Then there were those toddler classes. Apparently since the days when I was a child, an entire toddler enrichment industry has sprung up. I'm not sure when it started, but by the time my kids came along, attendance at a weekly gym class and/or music class was not only the norm, but seemingly de rigeur among kids born into our socio-economic class. Though the idea may be sold as promoting motor development, meta-cognition, or any number of educational jargon-heavy terms I could mention, I think the big appeal to moms is getting the hell out of the house. The presence of other adults, especially moms going through the same trials and tribulations, is a big draw too.

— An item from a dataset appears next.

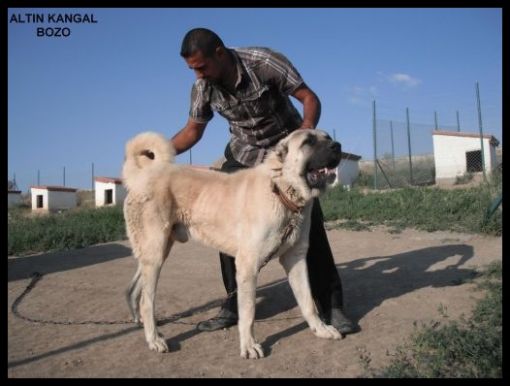  iri kafalı kangal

So even though I was back at work, I managed to while away two lunch-hours a week, and often one hour on the weekend, going to, attending, and coming home from, toddler classes. GYMBOREE provided the kids with the all-important exposure to being pulled around on a parachute with other kids; oh, and there's the introduction of other kids' germs, and let's not forget giving mom a workout chasing a toddler all over the play structures, colored mats, fabric-and-wire tunnels, and slides. Because I had two kids, I had to pay the nanny to attend with me on the weekdays (dad did weekend duty). The games were a bit insipid, and the songs repetitive and often utterly without educational value (unless you consider "The Grand Old Duke Of York" to be a milestone in Western nursery rhyme song history). But I have to admit that generally, a good time was had by all ... until we all got thoroughly sick of the whole GYMBOREE scene, but that was far into the future -- sometime in year three.

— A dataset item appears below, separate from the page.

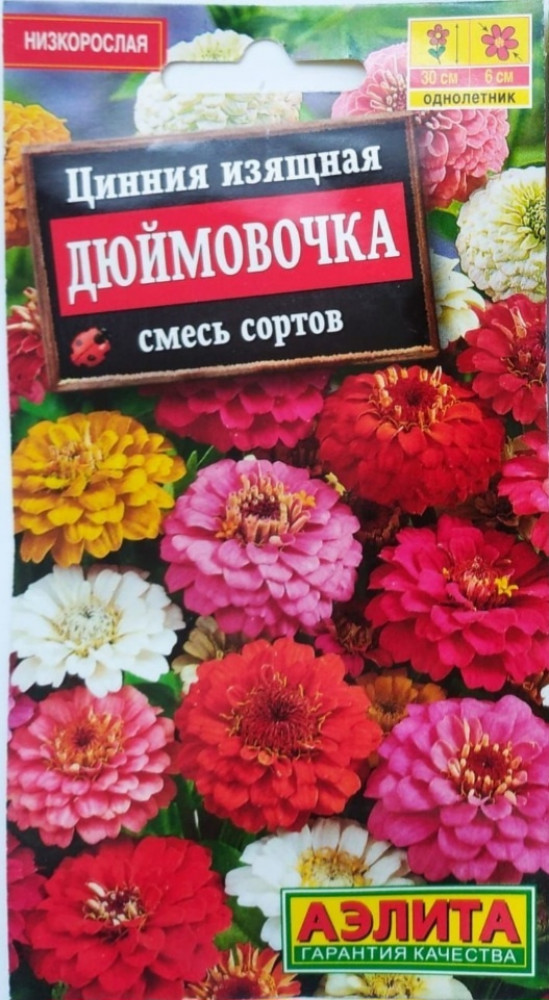 Цинния Дюймовочка | Аэлита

GYMBOREE also provided that first rudimentary music class, but it was dullsville because the only instruments the kids were allowed to touch were percussion instruments, which get old -- and annoyingly cacophonous -- pretty quick. So I eventually switched the kids over to a class at another place, now called TODDLE TUNES, that was a whole lot better: the kids got to touch and help teachers play the banjo, the saxophone, the violin, the bass, the clarinet, the piano, guitar ... and on and on, and even the percussion instruments were way more interesting (Latin rhythm instruments, African instruments, etc.) They learned about sounds low and high, loud and soft, tempos fast and slow, and were exposed to everything from reggae to rock, from Beethoven to Jack Johnson (that "Curious George" CD was so surprisingly addictive I caught myself playing it even when the kids weren't in the car: hands up now, any parents who were guilty of this too).

All this physical and musical activity was imprinting itself on their young minds and bodies, and I gotta say, the break from the work day was a blast, even though I often found myself scrambling to make up missed work. The weekends were mostly about going to the park, where "friends" were made, though really there was only "parallel play" going on (more early education jargon, but you get the idea).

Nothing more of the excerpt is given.